I have also enjoyed having a skunk approach my ground dwelling deer stand while he did his daily activity of scrounging for fat grubs and fall berries. It is a chance to watch, to see really how his days must go. This is entertainment even if a giant buck walks past unnoticed. If he should choose to enter my abode it is more than casual entertainment, or education. It is a embarrassing comedy--hasn't happened yet but very close.

There are garden things also that on first observation may cause concern like the beans that are supposed to be bush beans but for reasons unknown  take off in early spring and wonder about the garden in great tentacles not intent on bean production. It is a cause to pause, maybe mutter some colorful profanity, maybe contemplate the meaning of life or wonder what I screwed up to cause this----or what we all screwed up.

Today we found this growing in the "gut bucket" as we call it, the bucket used to hold all chicken food scrapes or compost. We just dump it to make soil or entertain the chickens with twenty minutes of scratching to find one desirable morsel. It is a fungus I suspect, the mycelium of fungal organism that has found a comfortable home. Like a cotton ball it is growing on scraps, growing , I suspect quickly, because yesterday it was not there. It is an opportunist like the eagle looking for scraps. What a great form of momentary entertainment---not a middle class thing I suspect but still I found it most interesting.

Thursday, August 16, 2012

Wolf River and the African Queen

One thing about summer is that it flies. There is so much to write about but so little time to actually sit down and prattle away. When one is living the dream, a hunger just can't do it all. It used to be there were bad days in the summer, days when it rained or days overcast and gloomy, days when it was just not comfortable to be outside, days to sit comfortable in the warm sofa and write.

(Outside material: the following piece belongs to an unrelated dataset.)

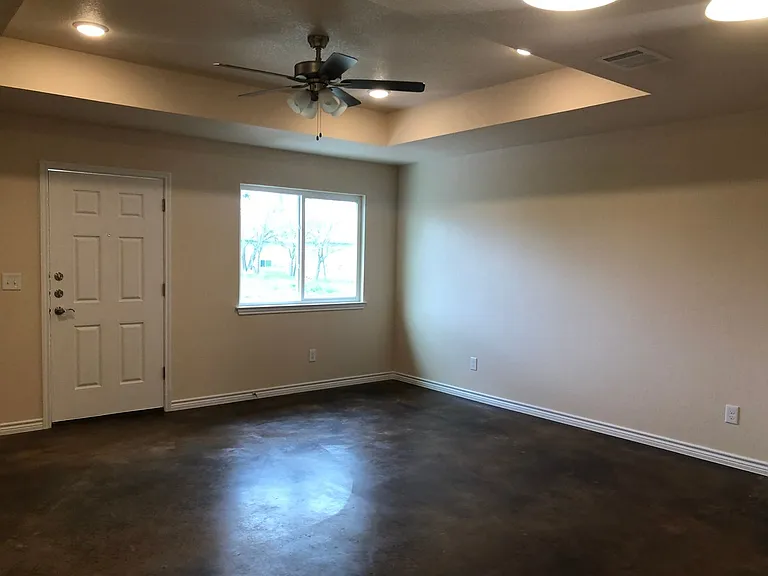 509 College St — Photo 34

Now it seems every day has something to offer, weeding in the garden, a biking like a wild man through the rolling countryside, tinkering motors of antiquity and fiddling wild Irish tunes as a way of rattling ones brain. It may be that as we get older it seems more important to get after it, to grab every opportunity, but sitting quietly is fine, I am just not good at it. I don't knit, I do read, but mostly I like to do things and that does include fishing.

In the last few years fishing has become more of an wild-ass adventure, not just an evening outing on Lime Lake (which I do). Often there is a journey involved not unlike the African Queen and the crawling leeches, the blistering heat, but usually not the glowing young woman over heated from toil and lust. We still do dream but Ann all to often is disgusted with the hardship and blatant profanity that is necessary for fisherman of our stature. We are in our minds the most interesting people in the world, battered, crippled and often drooling in our own incompetence

 Recently Dennis, Jeff, Ann  and I decided to hit the little Wolf where we had caught nice Small Mouth Bass on a number of occasions while leisurely drifting through quiet waters.

But right out of the gate, things went wrong, not unusual in our world, and we found the river had been the unintended victim of high winds. There were trees down all over the once open river, and they crossed over the entire span. To top it off, the fish apparently didn't like the situation even though we tried to see the carnage as offering structure. They were very unkind to us.


Our casts were unanswered except for Jeff's nice 8 pound Northern. We stopped at one dead fall and headed around over a sand bar only to be massacred by blood lusting mosquitoes and then unceremoniously nipped by nettles. It was a sad sight. Old people struggling on what became known as a Baton Death Paddle. Fortunately, no one fell face in or ass in as has happened before much to our camera's demise.

To top it off, we had forgotten how far the paddle was and the dark had ventured in by the time we hit a landing, death was our motivator, and hunger pushed our ribs through our tattered clothing as we dreamed of cold beer. I was reminded it is the bad times you remember, for from them come the stories.